Bluebeard’s Wives

“It’s always fascinating to see how the same spark of inspiration ignites in so many different ways in the minds of different writers. Give a number of poets the same starting point, ask them to write something, and what each of them ends up with will be unique, as this collection amply demonstrates. In many ways it is a more organic book than a lot of poetry collections I’ve come across – the idea to collect all the poems together came after Bartok’s Duke Bluebeard’s Castle, and the Bluebeard myth in general, inspired these writers to be so prolific”. -Sophie Hannah in the Foreword to Bluebeard’s Wives

Bluebeard’s Wives is an anthology of poetry from women in the West Midlands which was published by the Heaventree Press in August 2007. The Bluebeard’s Wives are: Jo Bell, Julie Boden, Rosemary Bosworth, Zoë Brigley, Sue Brown, Christine Coleman, Jane Commane, Rachel David, Helen Dennis, Roz Goddard, Natasha Godfrey, Penny Harper, Helena Hempstead, Hazell Hills, Jane Holland, Rosie Miles, Anouk Mishti, Cathy Perry, Emma Pursehouse,  Connie Ramsay-Bott, Jo Roberts, Dorothy Rose, Sibyl Ruth, Jane Seabourne, Judy Tweddle, Catherine Whittaker, Diane Wiggett, Jan Wild, Helen Yendall and Diyan Zora. Although not everyone was able to get a poem ready in time for the anthology, they are all valuable members of this collective of women writers from the West Midlands, UK.

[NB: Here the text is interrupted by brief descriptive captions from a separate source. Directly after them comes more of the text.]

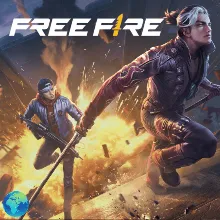 Купить алмазы Garena Free Fire по ID | Донат без пароля | 24/7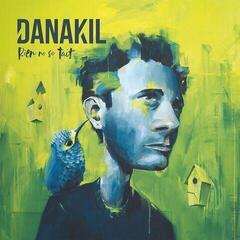 Vinylplate Danakil - Rien Ne Se Tait (2 LP)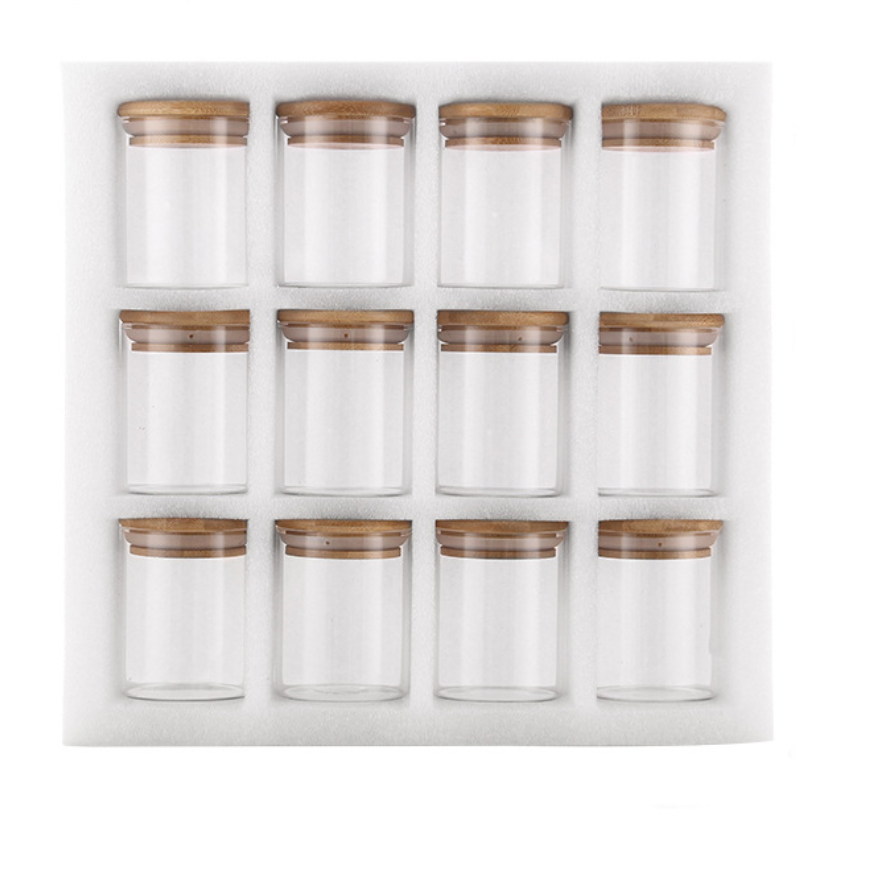 12 pcs set
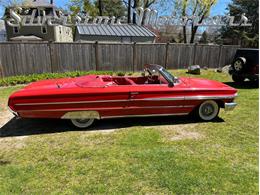 1964 Ford Galaxie (CC-1842977) for sale in North Andover, Massachusetts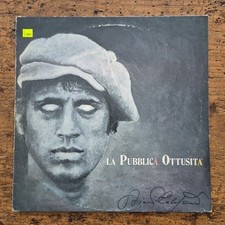 Adriano celentano pubblica usato  Bergamo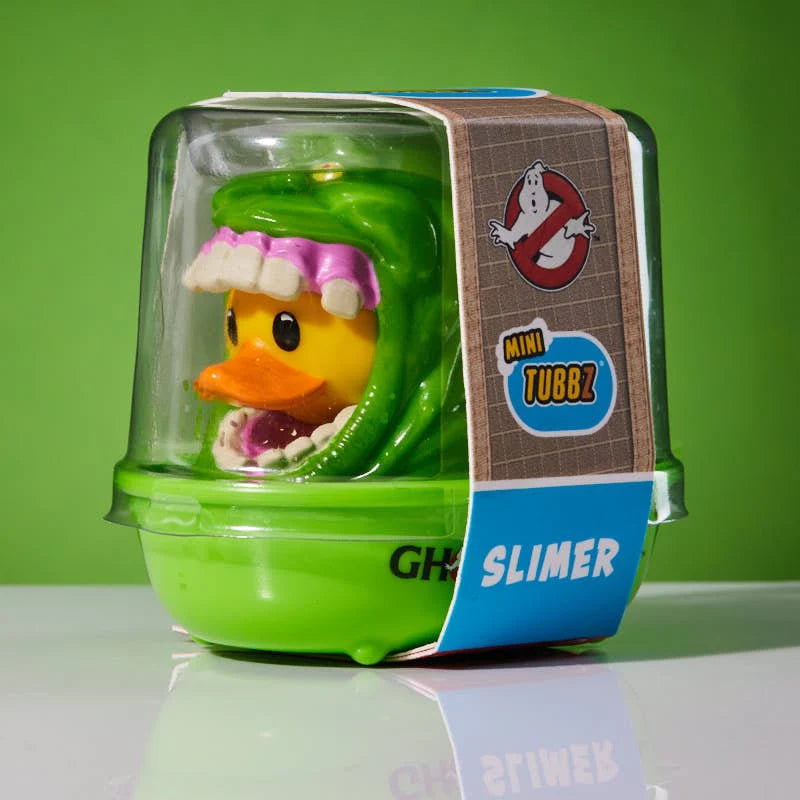 Ufficiale Ghostbusters Ray Stantz Mini TUBBZ -PRE-ORDER LUG.2024 (copia) (9251175694672)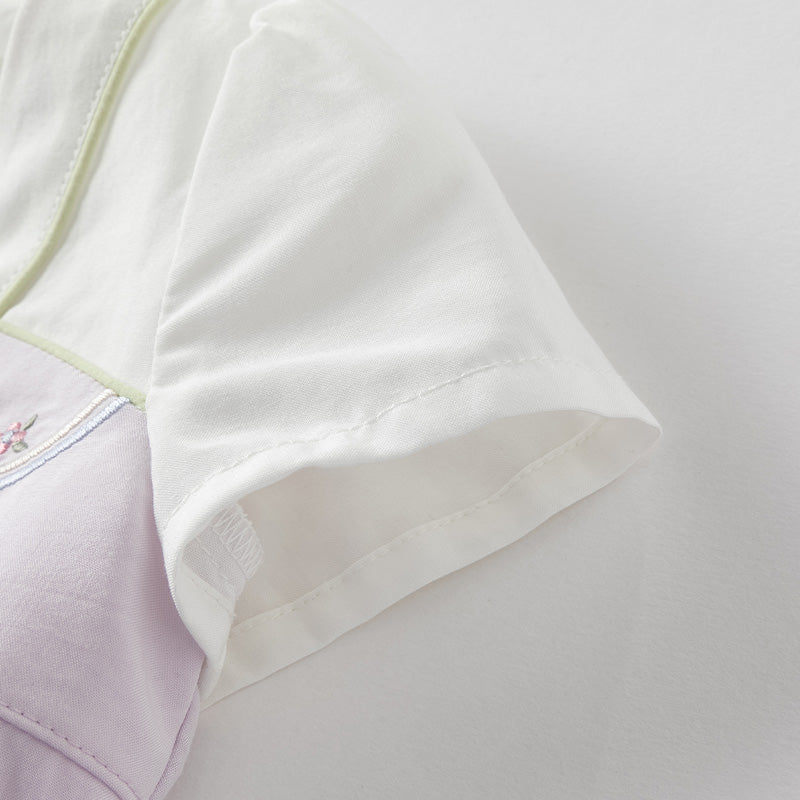 Toddler Light Purple Dress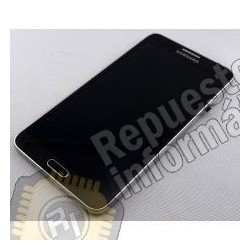 Pantalla negra (Lcd+tactil+marco) Galaxy note 3 neo (Directo de fabrica)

“”The June 2005, the ENO performance of Duke Bluebeard’s Castle,  starring John Tomlinson and Sally Burgess, seemed to call out to women for a response and so in January  that year I gathered together 21 women writers from around the Midlands area. We met, in January 2005, at Symphony Hall to tour the building, listen to a recording  and to discuss the possibilities of the project; Jan Wild came prepared with sketches of the seven doors to inspire us.  We exchanged contact details and then went our separate ways in order to allow time for our own ideas to arise and to mull over the germs of poetic inspiration.  My own journey took me to Hawthornden Castle in Scotland where, as a fellow, I was able to write in splendid isolation and lose myself in the search for Bluebeard. Upon my return to the Midlands in February I read the resulting sonnet sequence at Symphony Hall and at the Poetry Café in Shrewsbury, making one or two minor adjustments before its performance and publication. After the lunchtime concert performance of The Amorous Organ ( February 14th, 2005)  and before the evening reading of Bluebeard’s Wife a group of us met again to listen to each other’s work and to offer advice.”